For instance, if these marks can be seen, as on a white fabric, it is possible to calculate the distance, etc., of the muzzle from the fabric at the time of firing. With colored fabrics, the location of this carbon deposit is not so easy to see, but when photographed by infra-red light the conformation of the carbon deposit can be clearly demonstrated, even on dark colored textiles. Where the bullet enters the body it generally leaves a ring of metal which can be seen in an X-ray photograph where the metal, being relatively opaque to the X-rays, shows up as a distinct image.

Forensic Photography: Importance of Accuracy

Document Photography

Documents on which the writing has been obliterated by dirt or by the passage of time are regularly photographed by infra-red illumination to reveal the original writing. This is possible because infra-red light generally shows a higher penetrating power than visual light, and although it is invisible, infra-red light affects the emulsion of the special plates and produces a visible photographic image. Sometimes even charred documents can be made legible by this method provided the charring hasn't gone too far.

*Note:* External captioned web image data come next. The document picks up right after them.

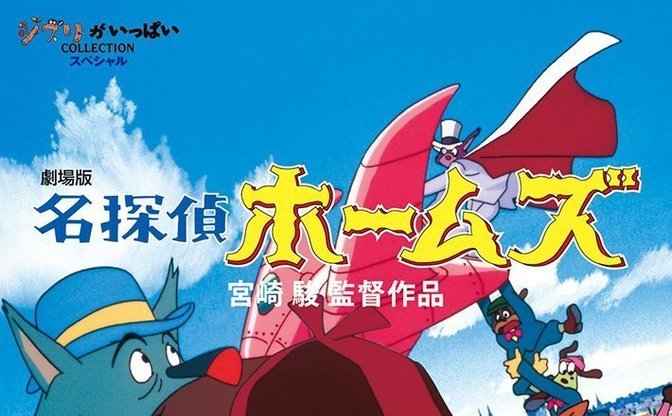 宮崎駿監督アニメ 名探偵ホームズ 再放送 31年前 ラピュタ と同時上映 Kai You Net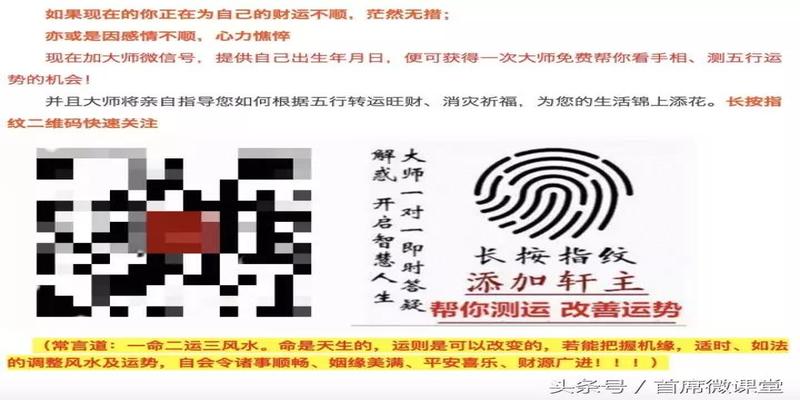 算卦为什么要收卦金(客单价1500元)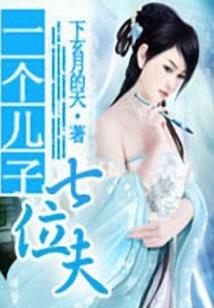 男属羊和女属什么最配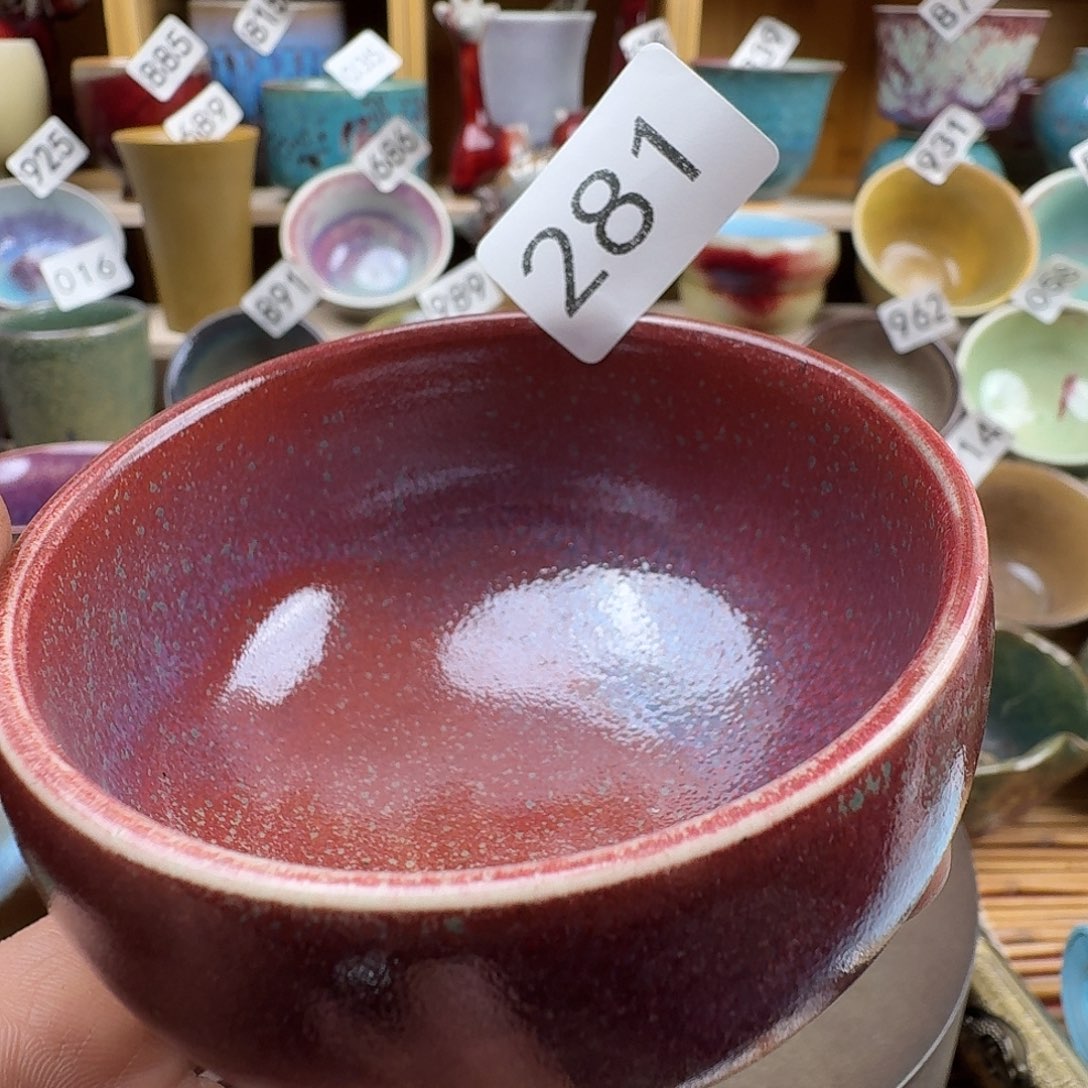 淇***场#钧瓷#原产地#矿石釉#器物之美#藏品#主人杯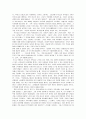 [서평] 저자 마르케스의 '백년동안의 고독'을 읽고 7페이지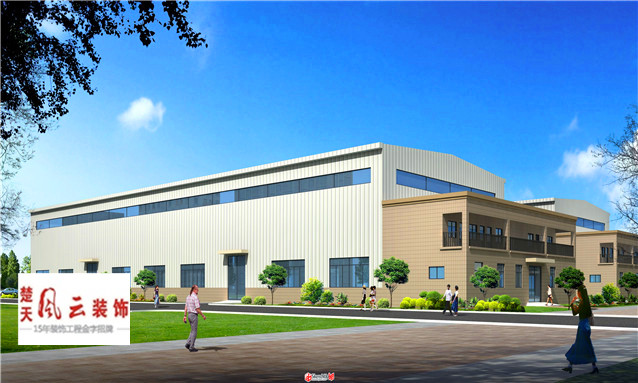 廠房裝修室內(nèi)裝飾注意事項,武漢楚天風(fēng)云裝飾（圖）_1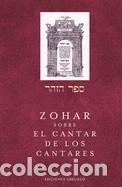 Libros: Zohar sobre el cantar de los cantares - Foto 1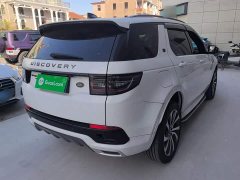 Land Rover Discovery Sport 249PS R-Dynamic S Performance 5-Seater - ფოტო 7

The same technique has also revealed alterations in passports, additions in different ink or with different pencil to documents, and it has often been successful in reproducing indecipherable drawings and sketches which have been obliterated by rubbing or other mechanical friction.

Since some inks are more opaque than others to infra-red rays, it has been possible to reproduce the hidden text in certain passages of old manuscripts which have been obliterated- e.g. by the censor of the Spanish Inquisition. More recently the method has been used to reveal the original document when dirt, inks, etc., have been deliberately applied in an endeavor to hide the underlying text. Writing. Questions of the authorship of handwriting are tackled by comparing low power photomicrographs of specimens. Negatives of individual letters enlarged from five to ten times can be superimposed to show similarities. The same type of test is used to establish typewritten text as the work of one particular machine. No two typewriters give identical impressions; there are always slight differences in the lining up of the type bars or even microscopic differences in the shape of the letters. All these points can be demonstrated with photographically enlarged reproductions. Photography by oblique light can also reveal the impression left on a pad after the top sheet with the writing on it has been torn off.